だから、というわけでもないけれど、どこにでも乗ってでかけようとは思わないところが曲者である。似合う場所かどうかを吟味して、ブレラで行くか他のクルマで行くかを考えてしまうのだ。もし自分の愛車がブレラ一台のみであったならば、このクルマの似合う場所しか行きたくなくなるわけで、そういう意味ではライフスタイルのコンセプトや方向性がしっかりと定まりブレない人でなければ、乗りこなせないということにもなるだろう。

ハナから沢山は売れないクルマだと思っていた。言ってみれば、アクの強さというか、融通の無さが、あまり多くの支持を得なかった理由なのかも知れない。もっとも、街で見かけないからこそ、新鮮さも失われずに今に至ったわけだけど。

確固たるライフスタイルをもって、颯爽とユニークなクルマを駆る。そんな人、いろんなメーカーの新車プレゼンではけっこういる風になっているけれど、実際にはそれほど多くない。ウソだと思うなら周りを見渡してみよう。「アクティブで、自分の価値観を見極めていて、仕事と家庭を大切にし、余暇や趣味も充実……」なんて人、周りにいっぱいいたりするだろうか?

こういうクルマは、なかなか難しい。逆に言うと、乗りこなせてしまう人が羨ましいと思う。クルマに負けない、何か動かし難い思いというか信念じみたものが、毎日の生活の中にあるような気がするからだ。しかも、それは規則正しい習慣のようなツマラナイものではなく、精神論や哲学論として明快な筋だろう。ブレラに似合うのは、そんな筋のある珍しい人である。

アルファブレラ
TIにはチタン仕上げの19インチホイールやスポーツサスペンションなどを装着。赤で仕上げられたブレーキキャリパーや専用のエンブレムも備わる

というわけで、日本じゃなかなか似合いそうな場所もなく、自分もこのクルマを颯爽と乗りこなせるほどブレない人生を送っているという認識があるわけでもないので、どこにも遠出できずに終わってしまうかなと思ったが、いくつかブレラで出掛けたい場所を思いついた。その場所とは……。

山深くわけ入った、ひなびた温泉宿。
向かう途中の小村の、旨そうなそば屋。
ふと見つけた街道沿いの、地産品直売所。
それほど整備もされていない、山間の峠道。

きっと、全く違うものとのフリクションを楽しむように乗ってやるのが、こういう極めつけにユニークなクルマでは大事なのだと思う。
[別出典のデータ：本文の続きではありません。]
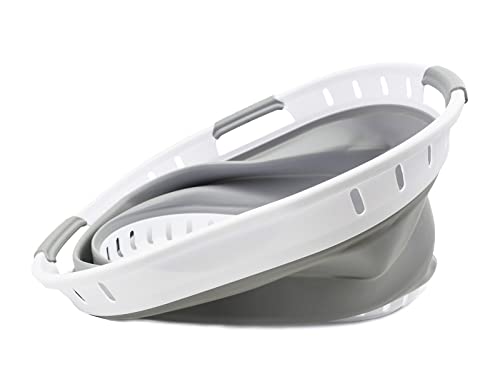 SAMMART 25L (6.6 gallon) Collapsible Plastic Laundry Basket - Foldable Pop Up Storage Container/Organizer - Space Saving Hamper/Basket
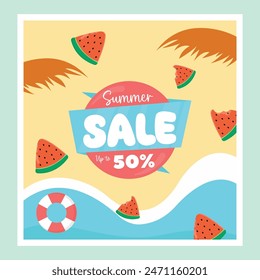 Summer sale banner vector illustration. pattern watermelon fruit and beach poster sale concept.hello summer sale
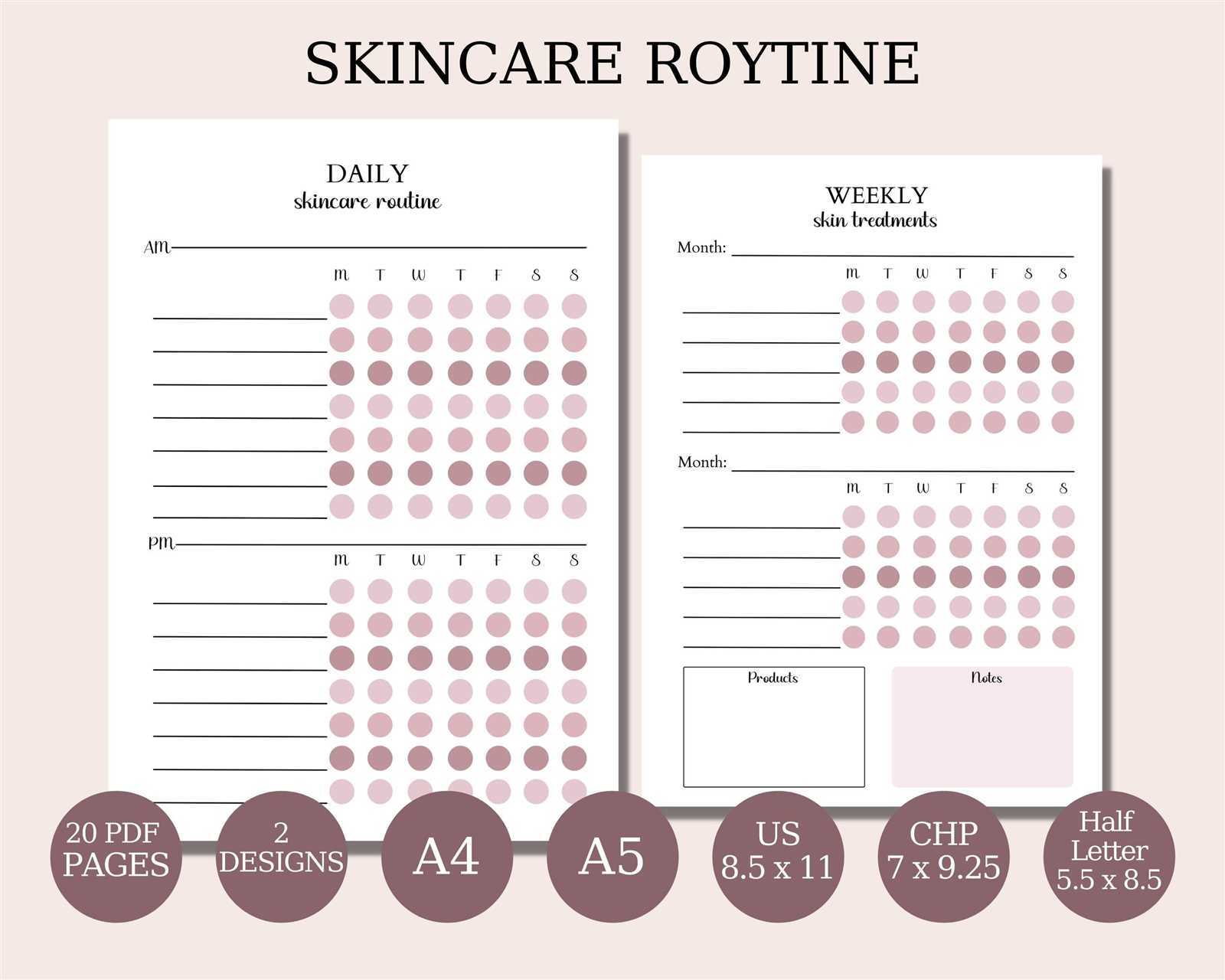 skincare calendar template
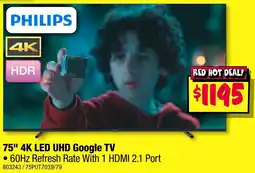 JB Hi-Fi 75" 4k led uhd google tv offer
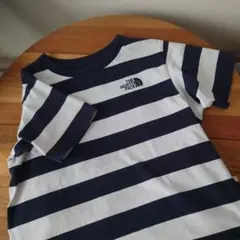 THE NORTH FACE ネイビーホワイトのストライプ Tシャツ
だから、決して、こんなところにはブレラで行きたくない。

コーストラインに佇む、地中海風のリゾート。
魚貝が売り物らしい、イタリアンリストランテ。
D&Gが安く買えそうな、プレミアムアウトレット。
山と海に囲まれた、風光明媚で有名なスカイライン。

もしイタリアに住んでいたならば、自分が文化とのフリクションそのものなのだから、ブレラでそういう場所に行くのも楽しいことだろう。